EXERCISE REQUIREMENTS — Copy without pictures. Please restate each line of the listing exactly.

INPUT DATA —
========
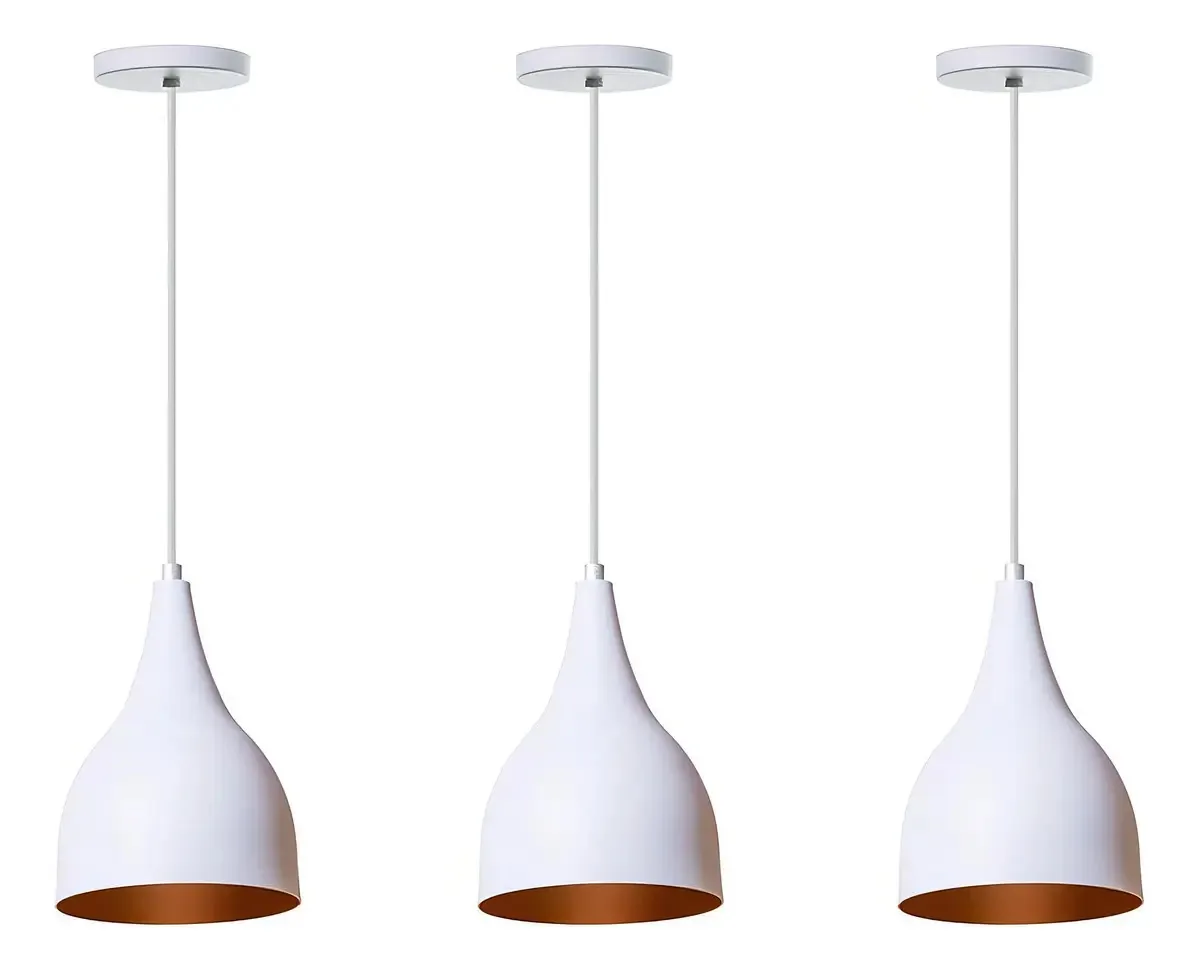 Kit 3 Lustre Pendente Gota Branco Alumínio Decorações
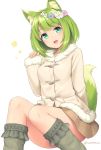  1girl :d animal_ear_fluff animal_ears bob_cut brown_skirt closed_mouth coat convenient_leg feet_out_of_frame flower fox_ears fox_tail fur-trimmed_coat fur_trim green_eyes green_fox_(sasaame) green_hair grey_coat grey_legwear hair_flower hair_ornament hand_up head_tilt head_wreath invisible_chair long_sleeves looking_at_viewer medium_hair miniskirt open_mouth original pink_flower purple_flower sasaame signature simple_background sitting skirt sleeves_past_wrists smile socks solo tail twitter_username white_background white_flower 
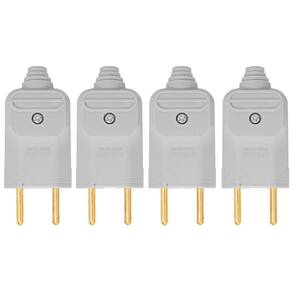 Kit 4 Tomada Plug Macho Prensa Cabo 2 Pinos Finos 10A Cinza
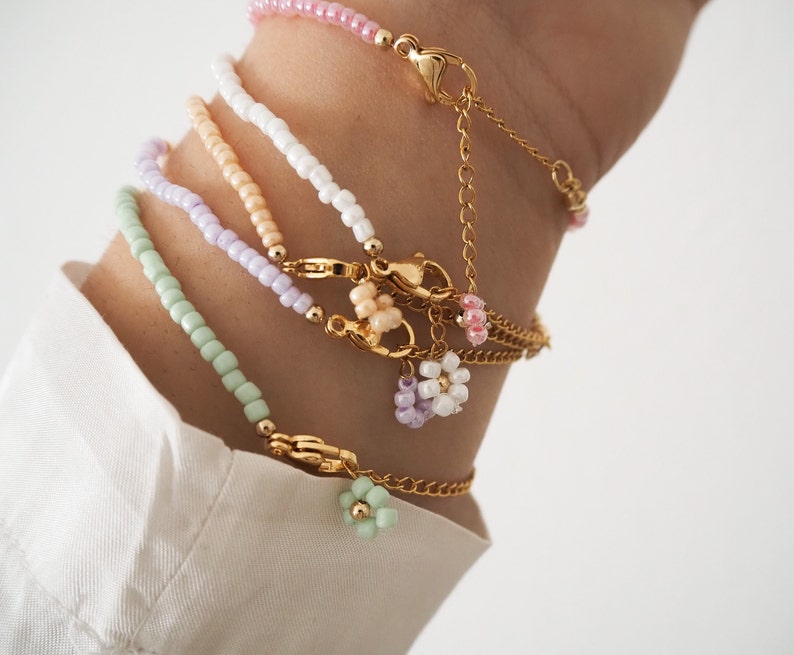 Beaded Bracelet, Summer Bracelet, Beachy Bracelet , Small Beaded Bracelet, Freshwater Pearl Bracelet image 8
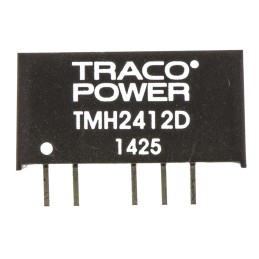 1 pcs - TRACOPOWER TMH DC-DC Converter, ±12V dc/ ±80mA Output, 21.6 - 26.4 V dc Input, 2W, Through Hole, +85°C Max Temp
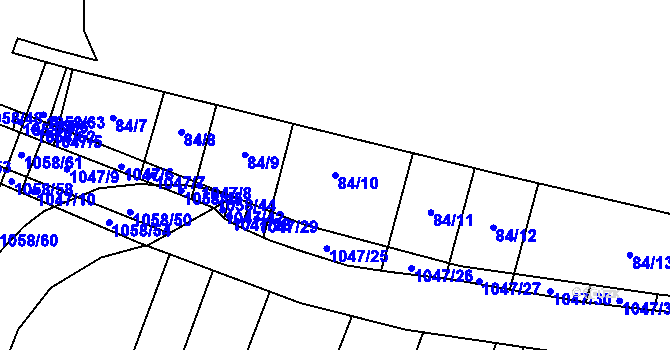 Parcela st. 84/10 v KÚ Chlebov, Katastrální mapa
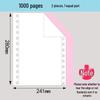 1000 Pages Multi-Part Continuous Computer Form Paper (241-pin, 2-6 Parts)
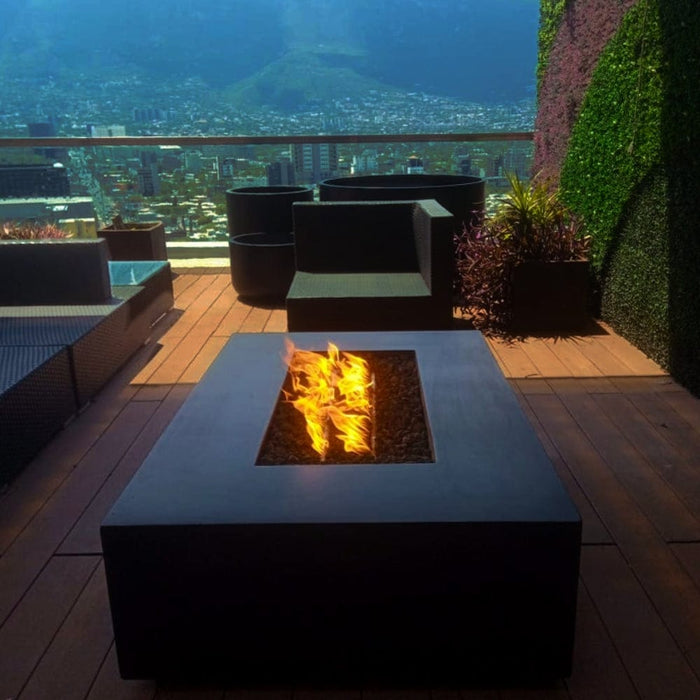 Stonelum Manhattan 01 53-Inch Rectangular Concrete Gas Fire Pit Table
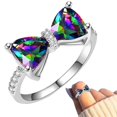 thumbnail image 1 of Mightlink Women Bow Ring Colorful Cubic Zirconia Wedding Ring Knitted Ring Proposal Anniversary Valentines Day Gift Lady Cocktail Party Prom Jewelry, 1 of 8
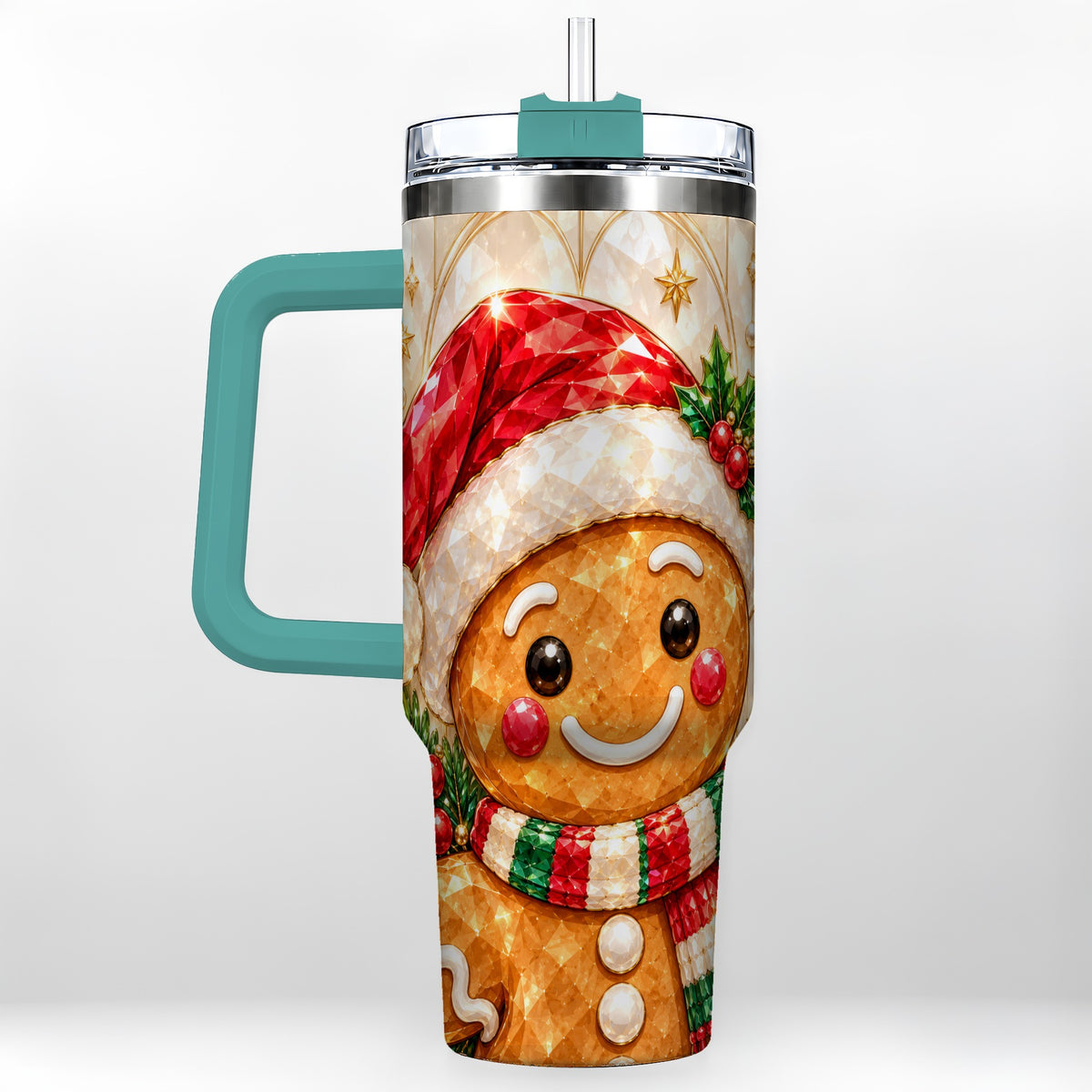 #pl[40oz|Green] Scarf Gingerbread Tumbler 40oz, Holiday Tumbler, Stainless Steel Travel Cup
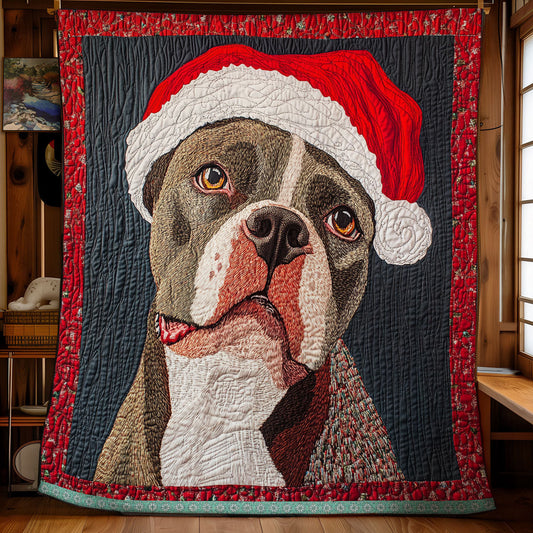 Pitbull Christmas WX2511032CL Quilt Blanket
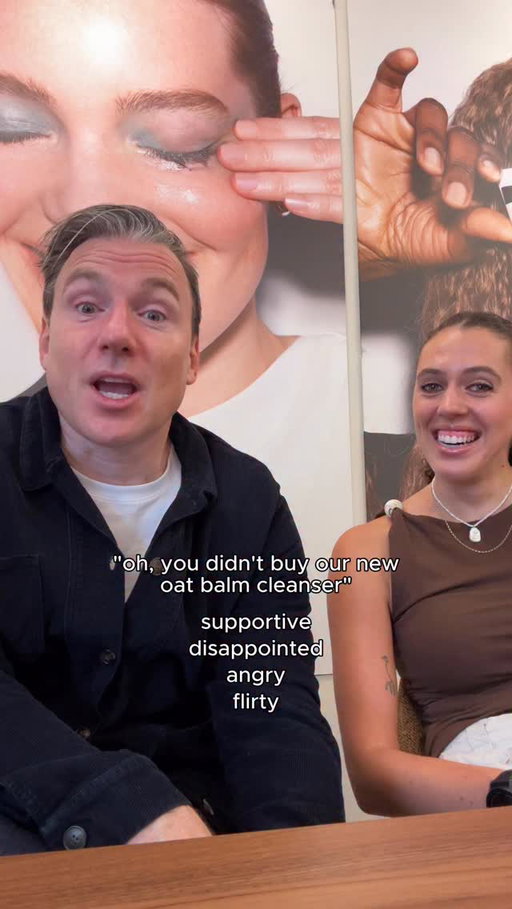 Mark said it best 😭

The NEW & IMPROVED Oat Balm Cleanser is here! 

So… which tone convinced you? 👀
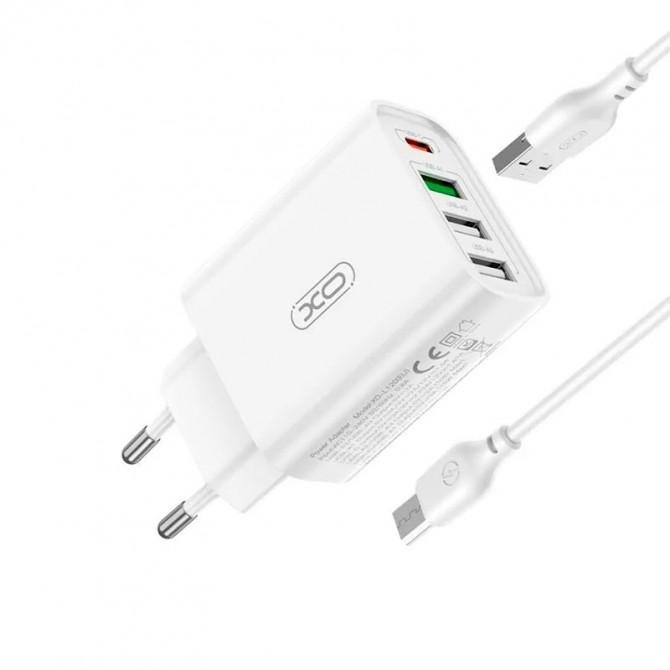 СЗУ XO L120 20W/USB-C + 18W/USB-A + MicroUSB cable White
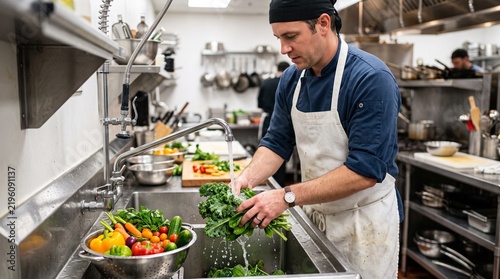 Chef washing fresh vegetables in a professional kitchen sink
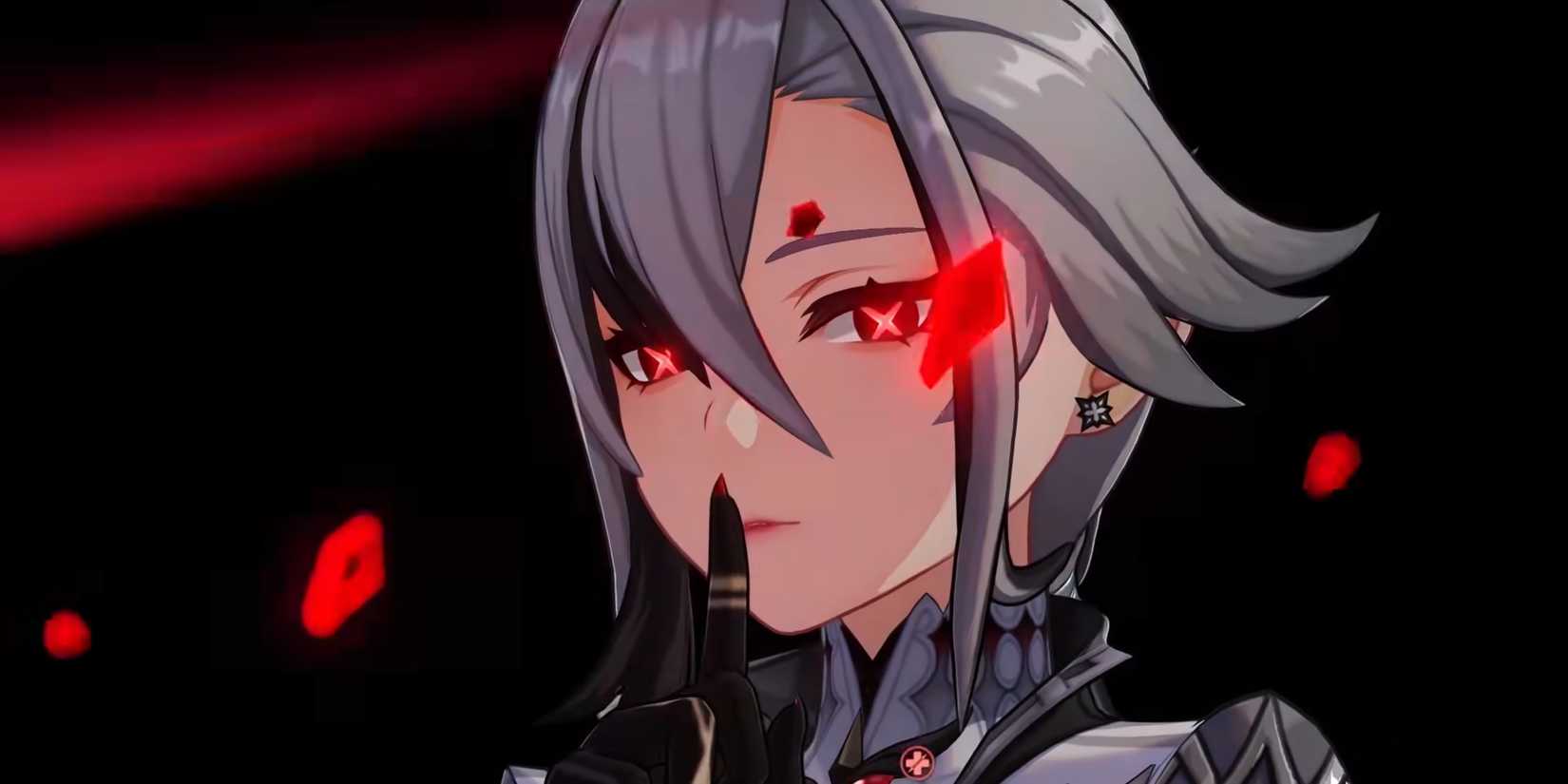 Genshin Impact's Arlecchino puts her finger in front of her lips, so as to ask the viewer to hush.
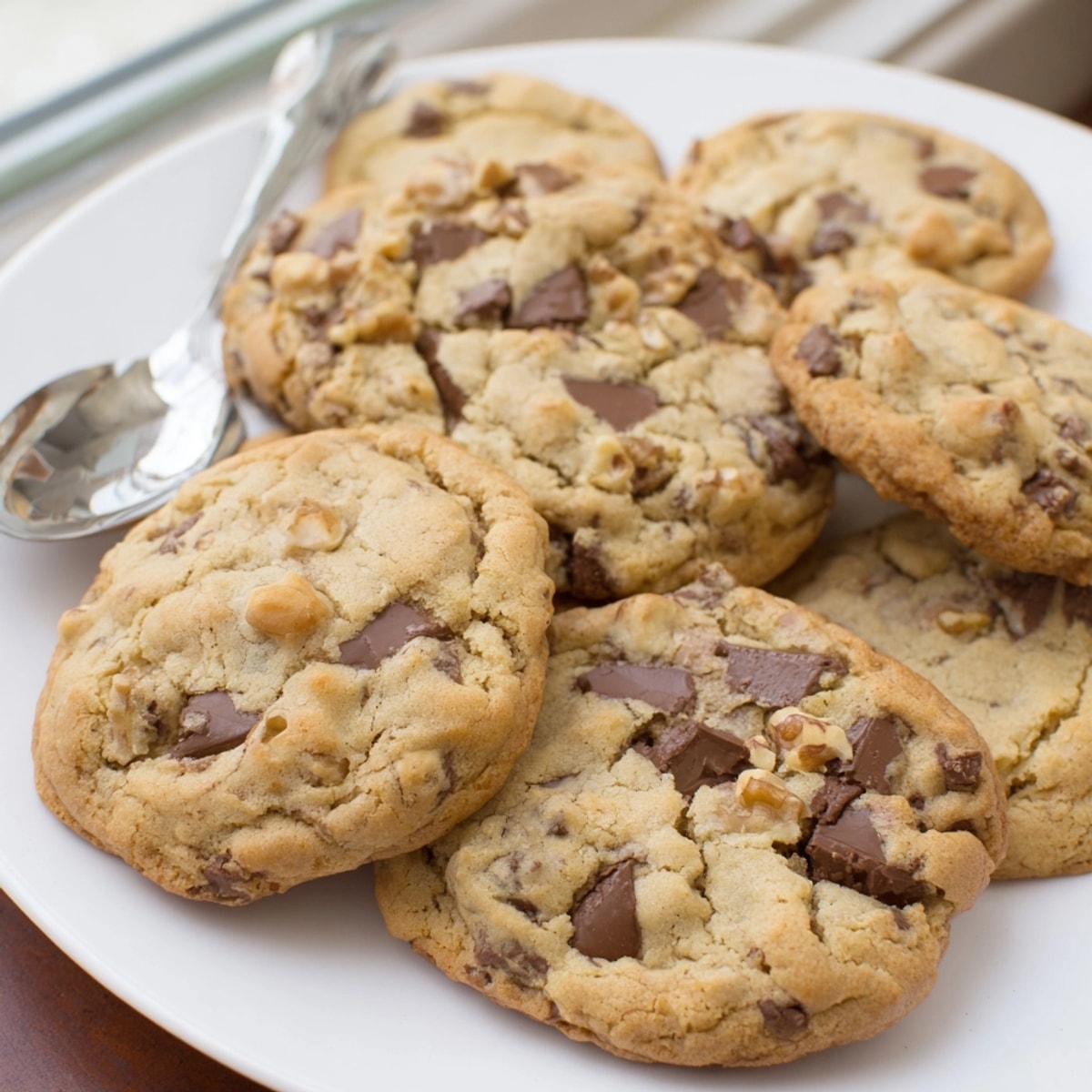 Stacked chocolate chip cookies: crisp edges, soft center, ready to enjoy with cold milk.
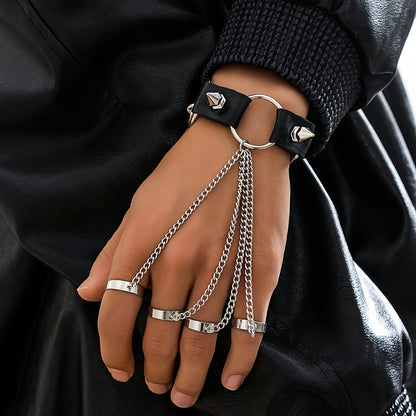 Men's Hand Chain Bracelet with Finger Rings, Gothic Punk Ring Bracelet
========
YOUR SOLUTION —
 Kit 3 Lustre Pendente Gota Branco Alumínio Decorações
  1girl :d animal_ear_fluff animal_ears bob_cut brown_skirt closed_mouth coat convenient_leg feet_out_of_frame flower fox_ears fox_tail fur-trimmed_coat fur_trim green_eyes green_fox_(sasaame) green_hair grey_coat grey_legwear hair_flower hair_ornament hand_up head_tilt head_wreath invisible_chair long_sleeves looking_at_viewer medium_hair miniskirt open_mouth original pink_flower purple_flower sasaame signature simple_background sitting skirt sleeves_past_wrists smile socks solo tail twitter_username white_background white_flower 
 Kit 4 Tomada Plug Macho Prensa Cabo 2 Pinos Finos 10A Cinza
 Beaded Bracelet, Summer Bracelet, Beachy Bracelet , Small Beaded Bracelet, Freshwater Pearl Bracelet image 8
 1 pcs - TRACOPOWER TMH DC-DC Converter, ±12V dc/ ±80mA Output, 21.6 - 26.4 V dc Input, 2W, Through Hole, +85°C Max Temp
 Parcela st. 84/10 v KÚ Chlebov, Katastrální mapa
 1000 Pages Multi-Part Continuous Computer Form Paper (241-pin, 2-6 Parts)
 Stonelum Manhattan 01 53-Inch Rectangular Concrete Gas Fire Pit Table
 thumbnail image 1 of Mightlink Women Bow Ring Colorful Cubic Zirconia Wedding Ring Knitted Ring Proposal Anniversary Valentines Day Gift Lady Cocktail Party Prom Jewelry, 1 of 8
 #pl[40oz|Green] Scarf Gingerbread Tumbler 40oz, Holiday Tumbler, Stainless Steel Travel Cup
 Pitbull Christmas WX2511032CL Quilt Blanket
 Mark said it best 😭

The NEW & IMPROVED Oat Balm Cleanser is here! 

So… which tone convinced you? 👀
 СЗУ XO L120 20W/USB-C + 18W/USB-A + MicroUSB cable White
 Chef washing fresh vegetables in a professional kitchen sink
 Genshin Impact's Arlecchino puts her finger in front of her lips, so as to ask the viewer to hush.
 Stacked chocolate chip cookies: crisp edges, soft center, ready to enjoy with cold milk.
 Men's Hand Chain Bracelet with Finger Rings, Gothic Punk Ring Bracelet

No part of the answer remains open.